SUPPLIED RECORDS START

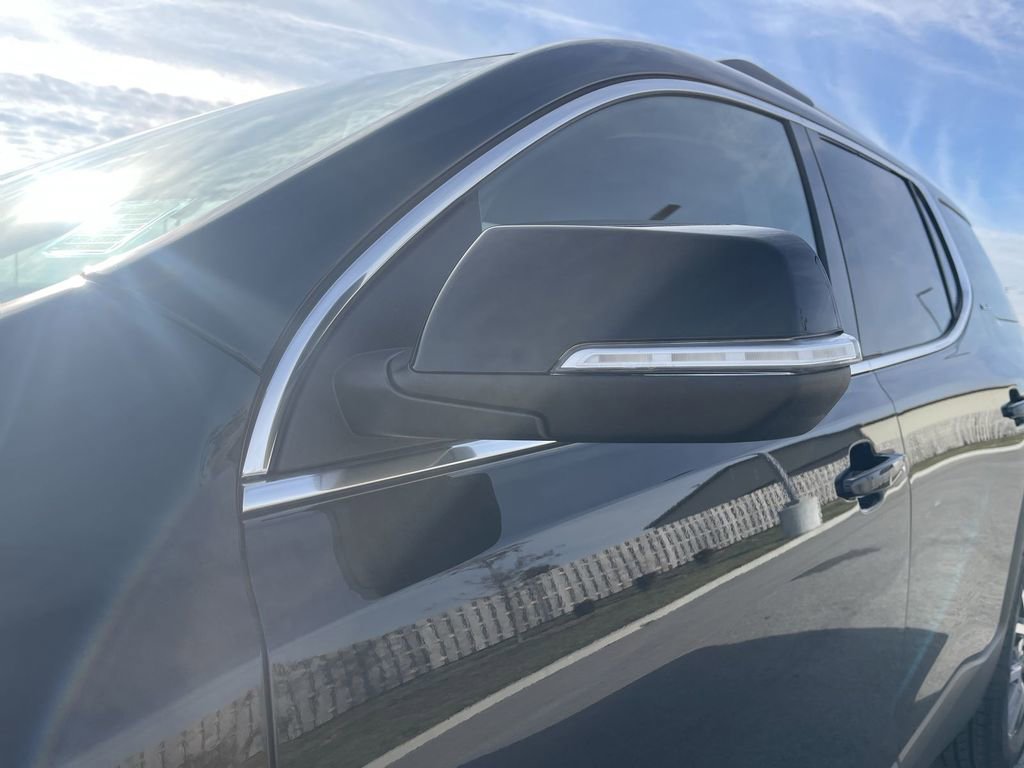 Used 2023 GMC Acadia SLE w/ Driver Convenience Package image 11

SUPPLIED RECORDS END
SUPPLIED RECORDS START

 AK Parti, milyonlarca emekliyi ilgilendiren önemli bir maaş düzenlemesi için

SUPPLIED RECORDS END
SUPPLIED RECORDS START

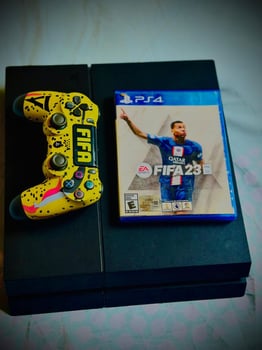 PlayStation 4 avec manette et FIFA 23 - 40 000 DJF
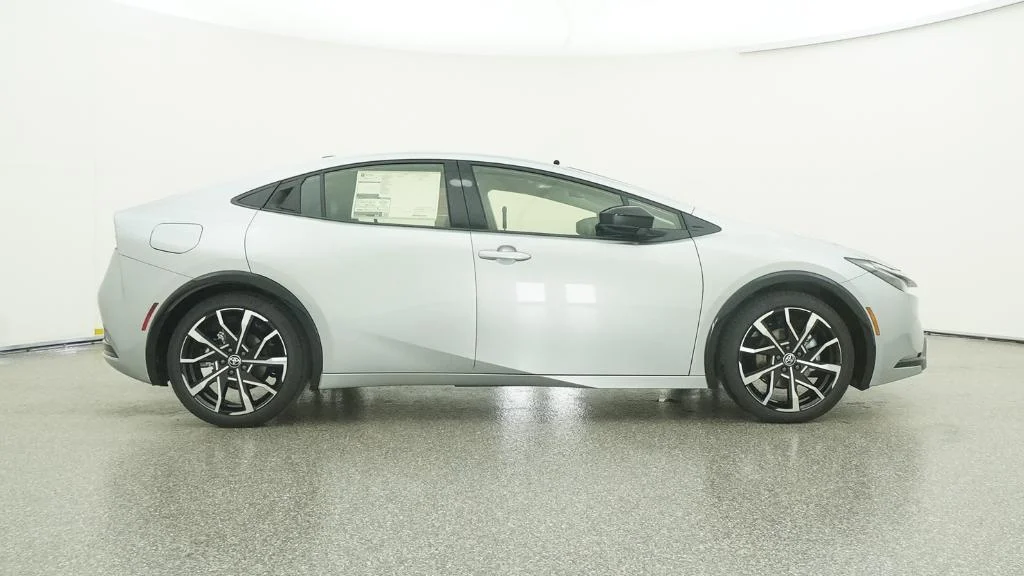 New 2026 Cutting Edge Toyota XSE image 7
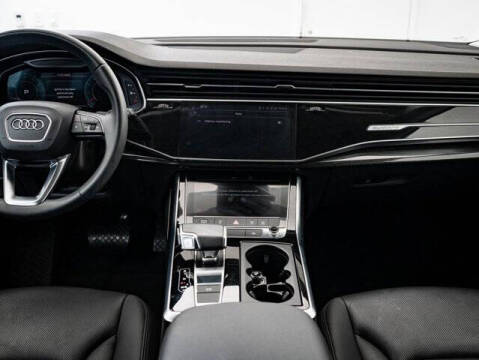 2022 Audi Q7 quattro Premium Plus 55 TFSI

SUPPLIED RECORDS END

● HOW TO COMPLETE THIS TASK:
I would like the exact lines from the data above, starting with the one that holds "New 2026 Cutting Edge Toyota XSE image 7" and going on through the one that holds "2022 Audi Q7 quattro Premium Plus 55 TFSI", without the pictures.

● RESPONSE FOR THIS EXERCISE:
 New 2026 Cutting Edge Toyota XSE image 7
 2022 Audi Q7 quattro Premium Plus 55 TFSI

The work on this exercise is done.